Our work will continue location by location as conditions allow, but it will be some time before some roads reopen – partially or fully – to traffic. Even when they do reopen, we’re going to continue monitoring for hazards including landslides or loose rock in areas where wildfires have scarred the landscape.
We’ve started removing hazard trees on OR 138 E, OR 126 McKenzie Highway and OR 22, North Santiam Highway. While we’re still figuring out how many trees we’ll need to remove, we estimate along the OR 22 corridor alone, the amount of hazard trees is in the hundreds of thousands.
Roads will remain closed until we can remove debris from affected areas, inspect slopes for weakness, inspect bridges, pavement, culverts, signs, guardrail and other structures for damage, and make repairs. Rock scaling — where we bring down materials that threaten roads — will be used where needed.
It’s important to understand that even after roads are fully reopened, heavy rain is a concern in fire-stricken areas and we may have more work to do in order to stabilize hillsides or clear debris from falls. Slides and debris flows are a particular concern — especially after rains — in areas where fire stripped away vegetation, tree roots and underbrush, creating greater slide danger.
This means that as a traveler, you’ll want to expect partial openings allowing limited traffic while work continues will be common. You can expect to see flaggers or pilot cars, and we want folks to plan for frequent lane closures.
Know before you go and check www.TripCheck.com for updates on closures. If you’ve never used the tool before, you can zoom in and click into the map icons for details. Posts are updated when there is a change in conditions, so if the time stamp appears “old,” this is still the current and updated status for the highway.
Like all Oregonians, the destruction we’re seeing from wildfires across the state is heartbreaking. We cannot thank everyone enough for the outpouring of support to our crews who’ve been working tirelessly in difficult conditions – even while some are enduring the same losses of home and property. We extend our gratitude as well, to all of the emergency responders and firefighters out there who work alongside us to keep us safe.

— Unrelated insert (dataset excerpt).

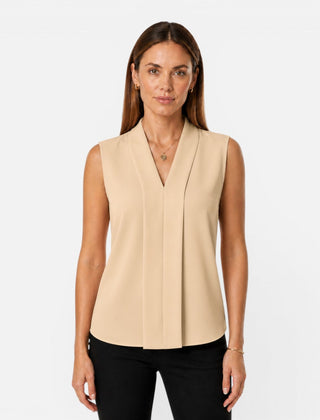 Elegant women's sleeveless blouse with draped V-neck, timeless fit, perfect for stylish women’s shirts by My Store.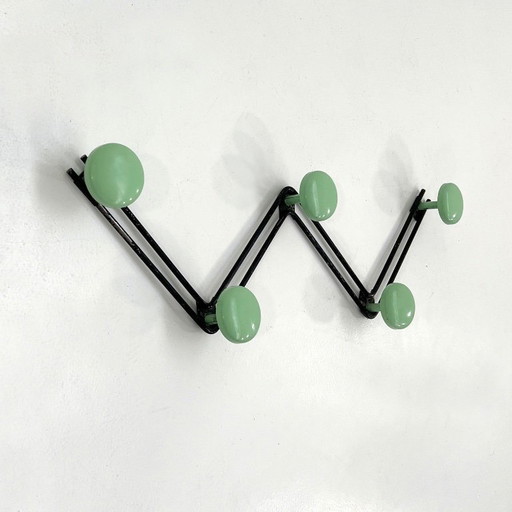 Black & Green Zig Zag Coat Rack, 1980s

As we work to repair the roads, we’ve witnessed Oregonians from all corners of the state working together in service to their neighbors, friends and families. This kindness grows -like a beautiful forest – and while our landscape is scarred, the beauty of our state remains in us. Let’s continue moving forward with seeds of kindness. We are so proud to work in the service of Oregonians. Take care, be safe and reach out to those who may need your kindness even more in the coming days, weeks and months.